I have had lots of letters from people who are using my poem “Ode to the Bluebells” in funeral services, for it speaks of new life rising from death. The bluebells push up through the dead leaves that lie in the woodlands. Step by step there is a new awakening in this poem. It is one of the poems that came to my mind very quickly when I was at an emotional low in life. It is a Victorian ballad, but goodness me! I didn’t know a ballad from a sonnet when I wrote it and I have not changed one word of it.

 I believe that often artists do their best work when they are under emotional strain in their lives for sometimes a hidden force seems to take over. You will find this in numerous instances, whether it is art, music, literature, poetry etc. It enters into every art in its creation. There are many articles which you can read to back up this, and if you come to my “Worth Reading” page, I will direct you to them. One man has opened a healing library where people can find material which has really helped them through their difficult times. If you can recommend anything, please do write and I can do this also recommending poems on this website.

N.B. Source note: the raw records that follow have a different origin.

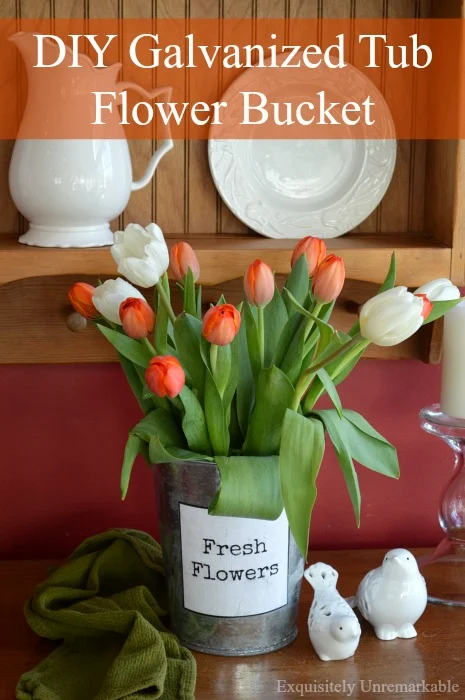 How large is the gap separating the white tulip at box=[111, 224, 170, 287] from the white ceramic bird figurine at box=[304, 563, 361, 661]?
1.23 feet

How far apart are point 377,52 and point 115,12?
0.32 meters

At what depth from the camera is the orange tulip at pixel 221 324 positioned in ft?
2.80

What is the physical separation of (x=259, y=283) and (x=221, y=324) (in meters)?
0.06

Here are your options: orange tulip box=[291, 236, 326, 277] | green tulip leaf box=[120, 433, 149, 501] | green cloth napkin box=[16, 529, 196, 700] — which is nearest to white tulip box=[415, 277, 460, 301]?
orange tulip box=[291, 236, 326, 277]

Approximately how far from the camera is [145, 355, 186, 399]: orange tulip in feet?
2.77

I could even recommend that for people who want to get away from it all to a healing area, to contact me, for I cannot think of a more healing area of the world than the Yorkshire Dales. You need only look at my own photographs to know that I am right. I would be pleased to recommend accommodation and a place to write and meet others. I have been there and I know how important it is to get away from everything and to find spiritual calm or even just to have some fun to give you a lift in life. So write to me if you would like this. I have read that there are courses for self healing through writing that have been prescribed for centuries. I also read that a significant percentage of good poets do need professional care from time to time. On the Great Writing website that I belonged to, it was amazing to find so many people writing poetry who were suffering extreme emotional stress, but they were pouring it all out into writing that really got everyone else around them down. I think that in order to soothe the soul, people should read happy writing, writing that gives them a lift, and that they should try to write about the things which have brought them happiness in life, far away from the ones which are causing the problems.

Having said this I have found that people's emotions are most highly charged and their artistic side comes to the fore more when they are unhappy or stressed than at any time. Enough!